Quanics is correct. I would never recommend paying your own way at a graduate program--go where you are funded. A graduate stipend will net to about $20k/year (there are some amazing fellowships that will fund $50k+ but they are very, very competitive). In a "real job" you'll often be making much more than $20k, as I was when I was a higher ed IT professional (and could have qualified for free tuition as an institutional employee). PhD programs are rated by several factors including graduation rate and time to completion. It is obvious to me now that the people who are choosing the students to fill the very limited number of graduate student seats in any given year will choose those who are committing to work full time on graduating.
Many people do complain about academia being hostile to family life (see http://100rsns.blogspot.com/2010/09/15-marriage-and-family-u... for a particularly negative view).

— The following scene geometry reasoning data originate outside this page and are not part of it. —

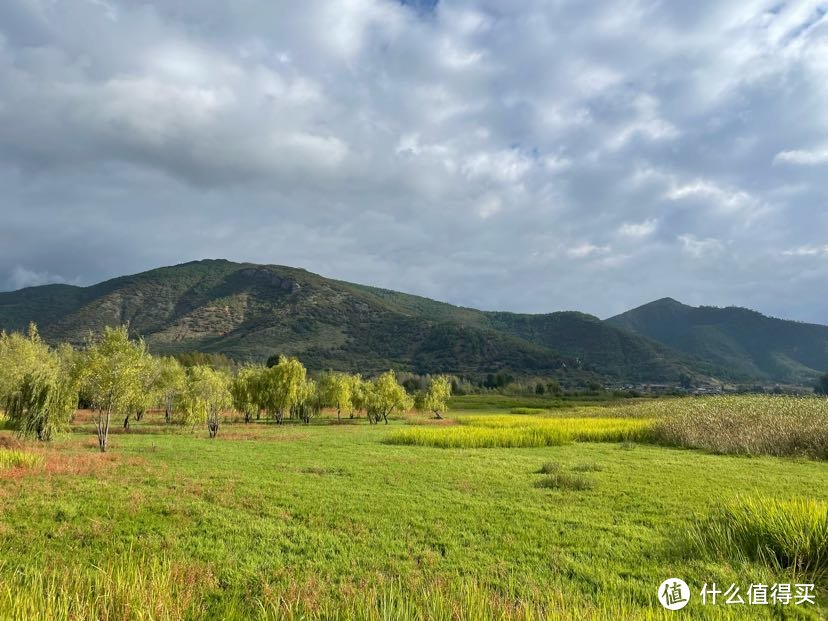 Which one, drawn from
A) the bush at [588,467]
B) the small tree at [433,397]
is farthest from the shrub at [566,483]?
the small tree at [433,397]

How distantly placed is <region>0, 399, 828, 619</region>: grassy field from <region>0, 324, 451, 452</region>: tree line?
9.36 metres

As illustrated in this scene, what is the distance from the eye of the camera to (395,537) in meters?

However, many of my colleagues had children during graduate school. They took time off classes but then used their "down time" (e.g. child napping) to focus on writing and came out ahead. I got married immediately before entering grad school and had my first child as I was writing my dissertation. The timing worked really well for me. I was lucky that my wife could support me through graduate school (on top of my stipend).
my father worked full time while receiving his phd in the professional field he was employed in. he has had a very successful academic career. his dissertation was no joke and he has advanced much further than others from more prestigious universities.
i don't understand this mindset and the fact it exists is why i would never go back for a phd (pure math phd drop out). this is why so much research ends up being inapplicable garbage that doesn't advance a profession so much as hit the current vogue in academics. half the shit i saw pushed the current boundaries of human knowledge further away from anything applicable, interesting, or worth spending 6 years of your life on.
Good research takes time and intense focus. I.e., you want to be able to have a total focus when your mind is fresh. That is not going to be doable after you've already worked your 8-9 day (maybe if you're in the 1% of humans who can do that, but I'm talking about the common case). This is going to get worse in the case of having a family.
I'm not going to comment on your father, since I don't know him, don't know his research, and don't know his field. :-) But I know that I've been... less impressed... with part-time PhD research than with full-time PhD research. There are ways to manipulate your situation into a less conflicting one, that is true, but that depends on the employer and the university.
> pushed the current boundaries of human knowledge further away from anything applicable, interesting, or worth spending 6 years of your life on.
That's just your opinion, ne? Why should academics do anything that is applicable? Isn't it industry's role to take this research and channel it into something practical (or ignore it if its not)? A surprising amount of effort has been expended over the years in software that have been avoided by some basic attention to the research literature.
But that leads us down an entirely different discussion, one I don't think is really resolvable here and now.
Do you really need the extra stress? Doing a PhD is really a full-time undertaking, as in 40+ hours / week diligent work. Doing it part-time still requires 20+ hours of quality time to be successful.